What emerged from those early experiments was a distinct voice, one steeped in the rhythm of progression fantasy. His stories lean into growth, power and transformation, yet they rarely treat strength as the point of the journey. Instead he lingers on the steps in between, the frantic decisions, the uncomfortable moments when characters discover what they might become. That approach became the foundation of Salvos, the series that introduced many readers to his work and later expanded into more than a dozen books and even a light novel edition. The world of Salvos reflects his fascination with evolution, both magical and personal, and it carries the playful unpredictability of web-serial storytelling where anything can happen and usually does.

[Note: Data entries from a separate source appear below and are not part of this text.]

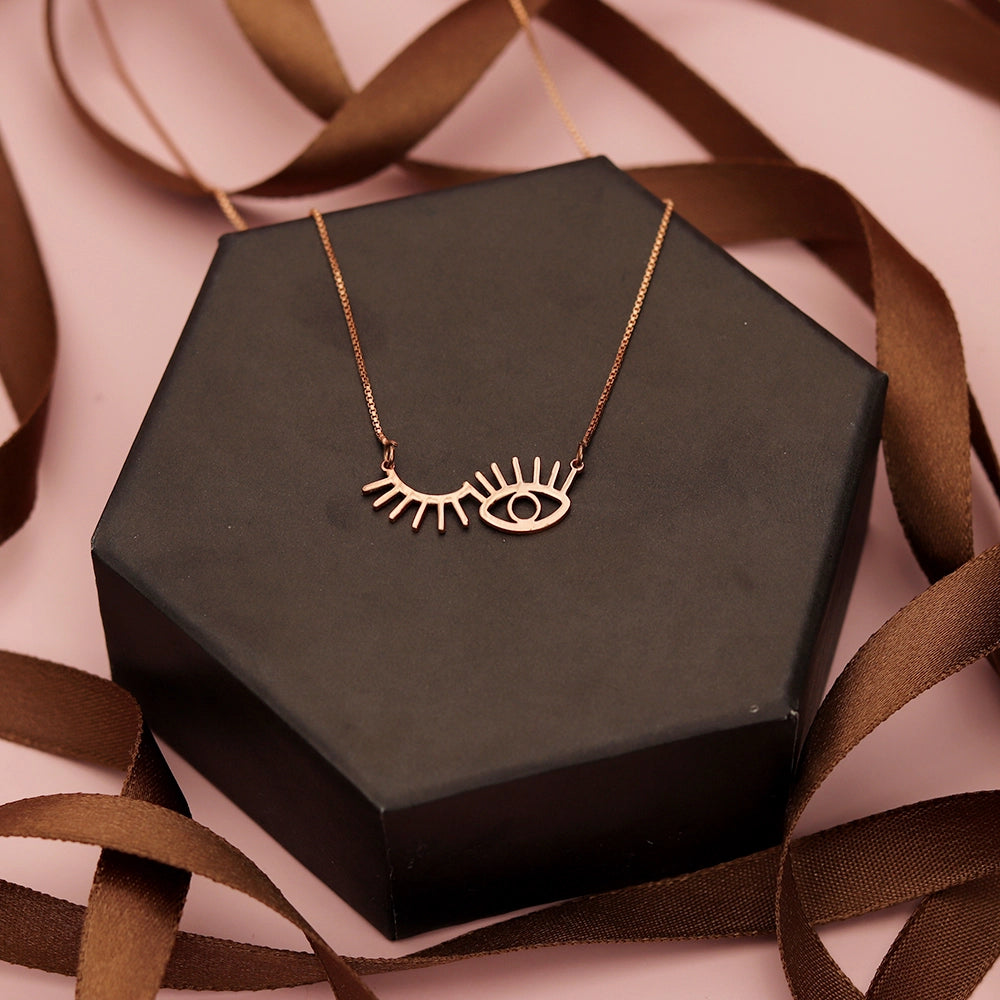 Evil Eye Necklace Protective Evil Eye Pendant Stylish Evil Eye Jewelry High-Quality Metal Necklace Adjustable Chain Necklace Meaningful Jewelry Gift Enamel Evil Eye Design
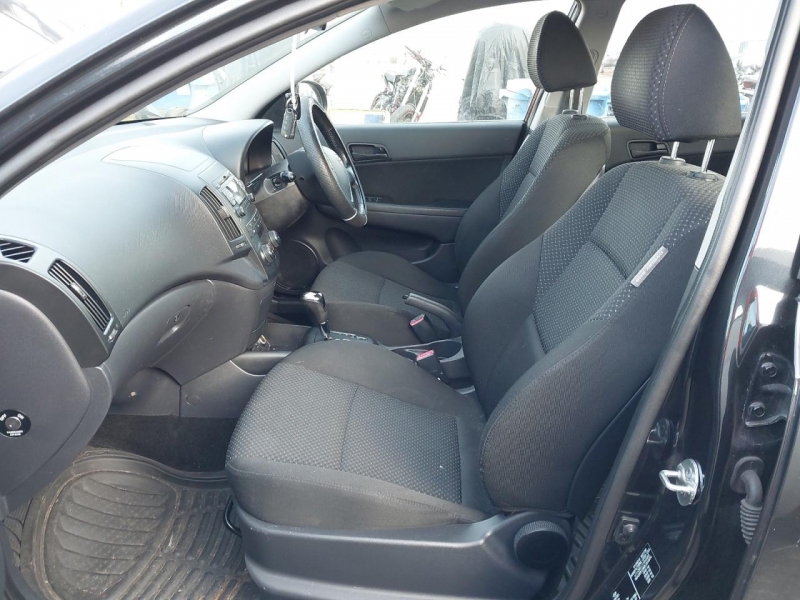 F935, Hyundai i30 2011, 1.6, бензин, АКПП
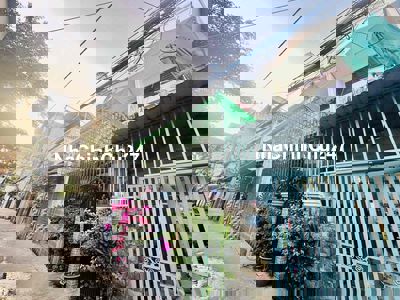 Bán nhà chính chủ hẻm xe hơi Âu Dương Lân Phường 3 Quận 8,60m2,2 tầng.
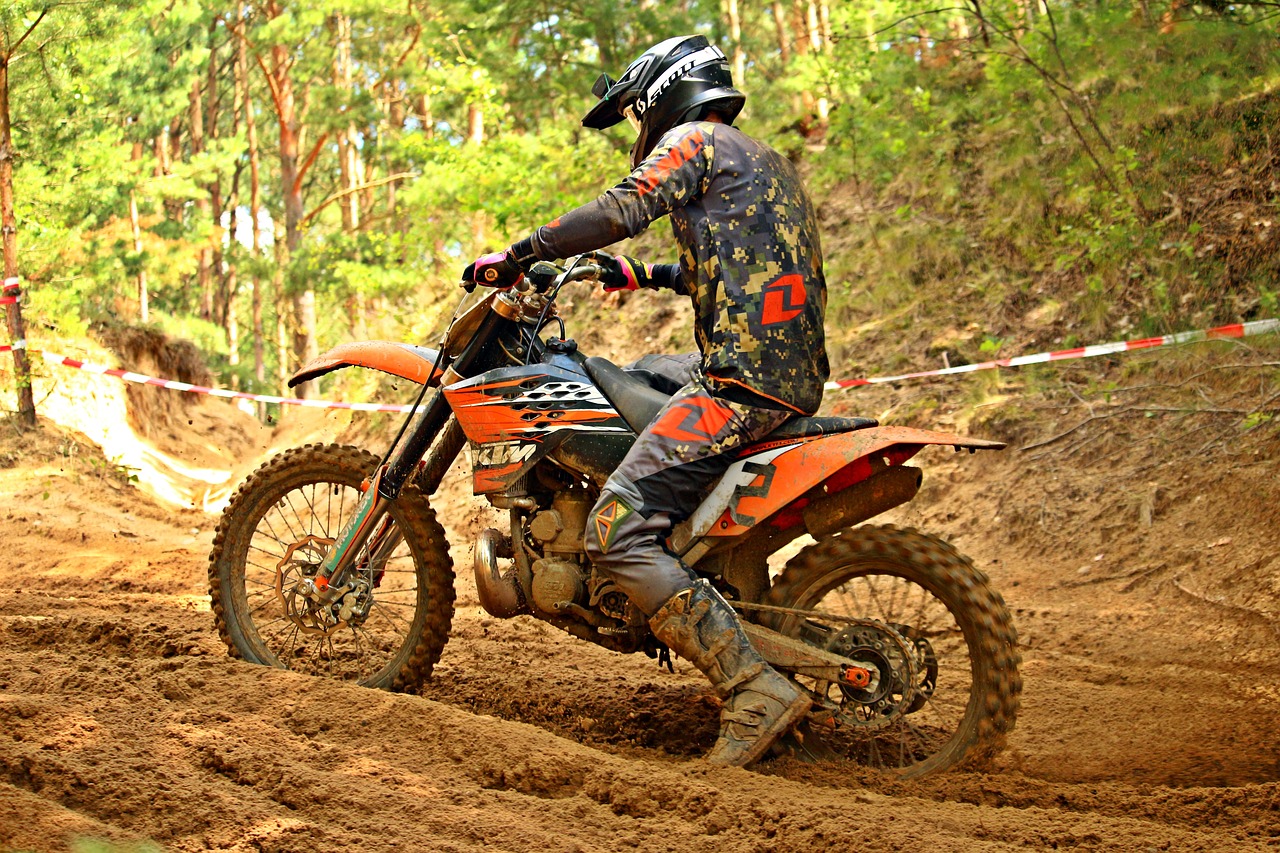 Motokroso, Enduro, Sportas, Purvo Nuoma, Dirtbike, Motorsportas, Motociklas, Lenktynės, Lenktynės, Motokroso Važiavimas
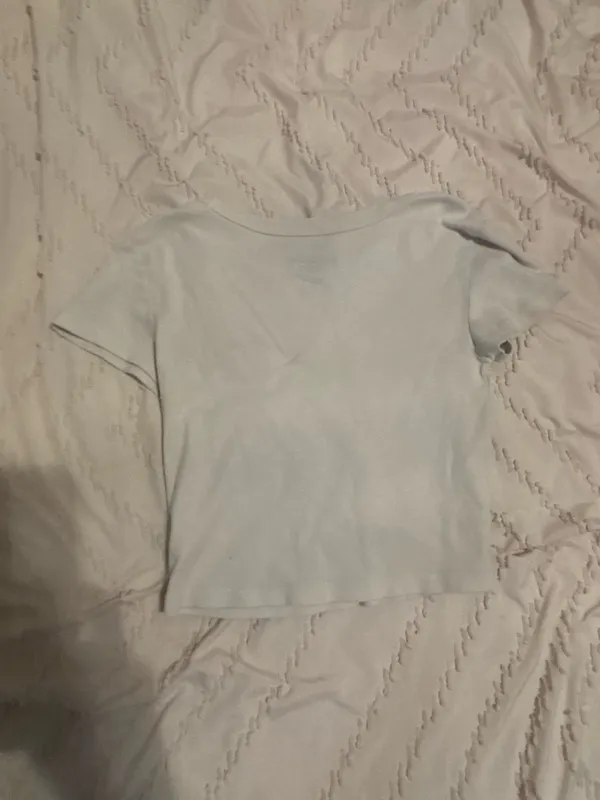 American Eagle cropped tee - Image 3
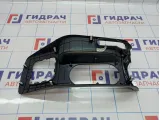 Консоль КПП Kia Cerato 3 84651-A7000-K3S. Царапина.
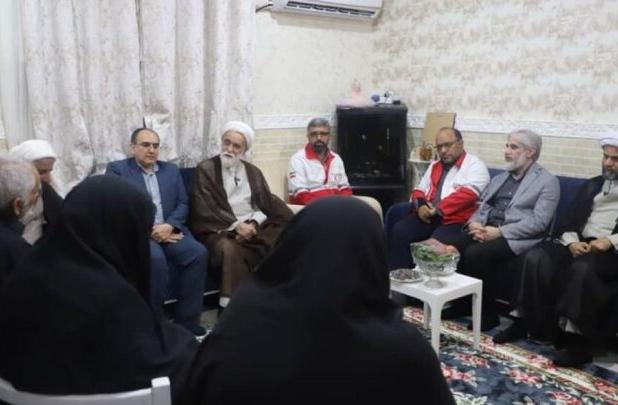 دیدار نماینده رهبر معظم انقلاب با خانواده‌های داغدیده بندرعباس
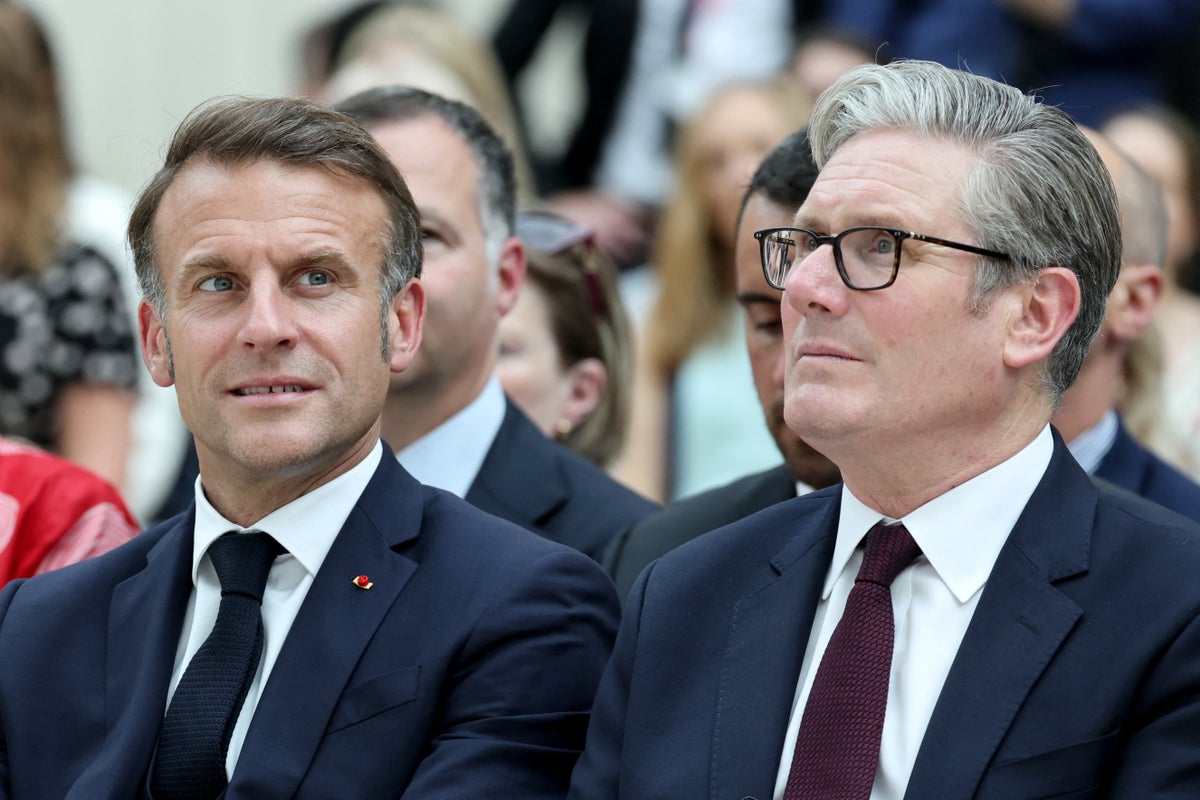 Macron state visit live: 50 migrants a week could be sent back to France under ‘one in, one out’ deal pilot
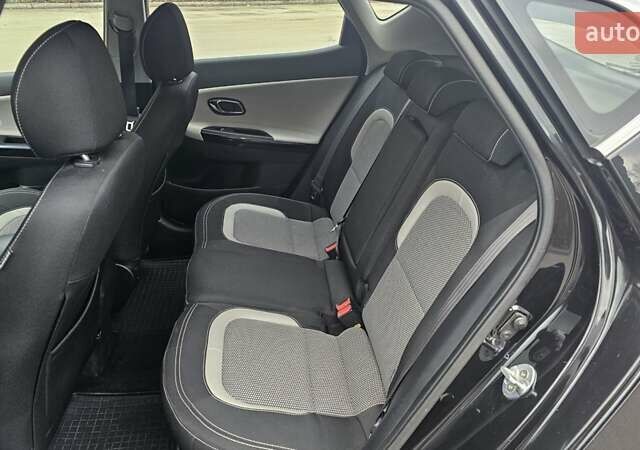 Черный Киа Сид, объемом двигателя 1.59 л и пробегом 94 тыс. км за 11000 $, фото 9 на Automoto.ua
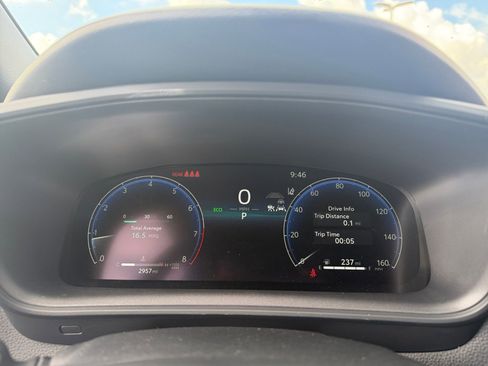 Certified 2026 Toyota Corolla SE w/ SE Package FWD image 21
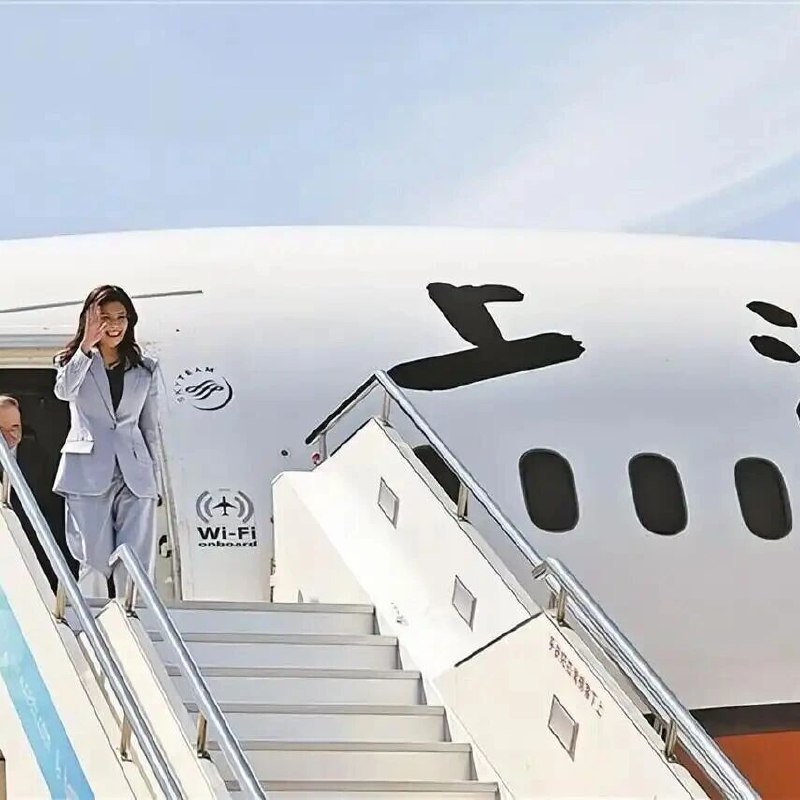 国台办：郑丽文主席率团访陆顺应岛内主流民意，会得到台湾民众肯定和支持via 界面新闻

Lewis’s influences come from the same places many modern fantasy writers draw from, especially online communities that champion experimentation, serial storytelling and hybrid genres like LitRPG and Cultivation. Yet he approaches those traditions with a willingness to twist expectations. His protagonists may be demons, monsters or outsiders rather than the usual chosen heroes, and their growth feels earned rather than automatic. Readers often note how grounded his progression systems feel, as if the worlds he creates operate by rules that existed long before the story began.
Though he keeps his private life out of the spotlight, Lewis is known to be active in reader communities and has spoken openly about discovering writing later than he expected. He jokes about being a “professional Zoomer and part-time author,” but his steady output tells another story, one of discipline, curiosity and a desire to keep improving. Over the years he has expanded into additional series like Amelia and experimented with light-novel style storytelling and darker fantasy tones, each project adding a new thread to his growing body of work.
For readers drawn to character-driven progression fantasy, worlds shaped by rules and consequences and protagonists who fight their way upward one level at a time, Lewis’s books offer a clear entry point. His writing carries the momentum of someone who built his career from the ground up, learning publicly, evolving quickly and pushing forward with each new chapter.